The Pennsylvania Association of Broadcasters (PAB) Board of Directors has announced that WVIA’s George Graham will receive the Radio Broadcaster of the Year Award for 2023. The award will be presented at the PAB’s annual Excellence in Broadcasting Awards Luncheon at the Harrisburg Hilton Hotel on Friday, May 5th.

“I must say, I am deeply honored by this, and frankly, quite surprised,” said Graham. “This would not have happened without the great environment and colleagues that have made WVIA what it has been for this half-century.”

“We are so proud of George and share in the excitement of this recognition,” said Carla McCabe, WVIA President, and CEO. “George’s contributions to WVIA and the region as a whole have helped define the place, we call home.”

The Pennsylvania Association of Broadcasters’ annual Excellence in Broadcasting Awards competition encourages professional performance among radio and television stations in the state of Pennsylvania. The Broadcaster of the Year Award is conferred for continued quality performance and recognizes an active radio and television on-air broadcaster each year.

About George Graham

One of the first staff members at WVIA, George produces and hosts Mixed Bag, All That Jazz, and Homegrown Music on WVIA Radio, and the Homegrown Music Concerts on WVIA TV.

Graham was the first employee of WVIA Radio and has been on the WVIA staff since 1972. A native and resident of Carbondale, PA, he is a magna cum laude graduate of Duke University, where he majored in electrical engineering. He joined the WVIA staff in connection with the studio design and construction of WVIA FM, but with his four years of on-air experience at the Duke University radio station, he immediately moved into on-air work. He sought to bring the kind of eclectic contemporary music radio programming that marked student radio at Duke (where

he was the program director) in the late 1960s and early 1970s.

He introduced Mixed Bag, which has become purportedly the longest continuously running program of what is now called “album adult alternative” music in the country.

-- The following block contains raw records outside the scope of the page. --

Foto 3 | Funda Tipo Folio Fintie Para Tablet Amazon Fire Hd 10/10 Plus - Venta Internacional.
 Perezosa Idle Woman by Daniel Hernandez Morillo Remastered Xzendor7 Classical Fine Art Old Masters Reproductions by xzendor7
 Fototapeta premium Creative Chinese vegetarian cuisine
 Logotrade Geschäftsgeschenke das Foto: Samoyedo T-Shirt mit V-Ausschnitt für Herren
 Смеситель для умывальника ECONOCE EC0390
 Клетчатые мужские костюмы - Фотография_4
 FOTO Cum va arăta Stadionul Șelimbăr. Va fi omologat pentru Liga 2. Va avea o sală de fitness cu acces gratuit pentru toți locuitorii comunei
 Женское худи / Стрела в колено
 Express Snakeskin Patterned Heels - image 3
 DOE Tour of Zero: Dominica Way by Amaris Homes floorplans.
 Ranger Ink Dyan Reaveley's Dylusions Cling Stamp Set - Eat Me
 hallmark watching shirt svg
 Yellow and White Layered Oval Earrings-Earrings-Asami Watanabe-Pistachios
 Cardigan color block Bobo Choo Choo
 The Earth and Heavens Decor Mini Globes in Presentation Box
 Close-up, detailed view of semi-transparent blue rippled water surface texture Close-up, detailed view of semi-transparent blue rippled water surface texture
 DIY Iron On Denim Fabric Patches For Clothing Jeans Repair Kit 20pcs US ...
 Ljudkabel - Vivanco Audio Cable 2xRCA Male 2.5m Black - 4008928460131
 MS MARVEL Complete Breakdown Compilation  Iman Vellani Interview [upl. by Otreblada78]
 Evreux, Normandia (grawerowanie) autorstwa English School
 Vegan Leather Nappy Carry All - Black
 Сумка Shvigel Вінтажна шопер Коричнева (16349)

Graham introduced Homegrown Music, a program to spotlight talented regional artists in performances from the station’s studio. The series has been running continuously as a weekly series since 1976 and includes weekly recording session broadcasts, and monthly live concerts performed before a studio audience. He also hosts WVIA’s All That Jazz and presents extensive annual radio coverage of the region’s jazz festivals from Delaware Water Gap and Scranton.

Since 2010 when Chiaroscuro Records became a division of WVIA, Graham has been the director of artistry and repertoire for the 50-year-old jazz label, where he oversees the extensive archive and produces new recordings and reissues. Graham has written for regional publications and works as a freelance recording engineer, producer, and mastering engineer.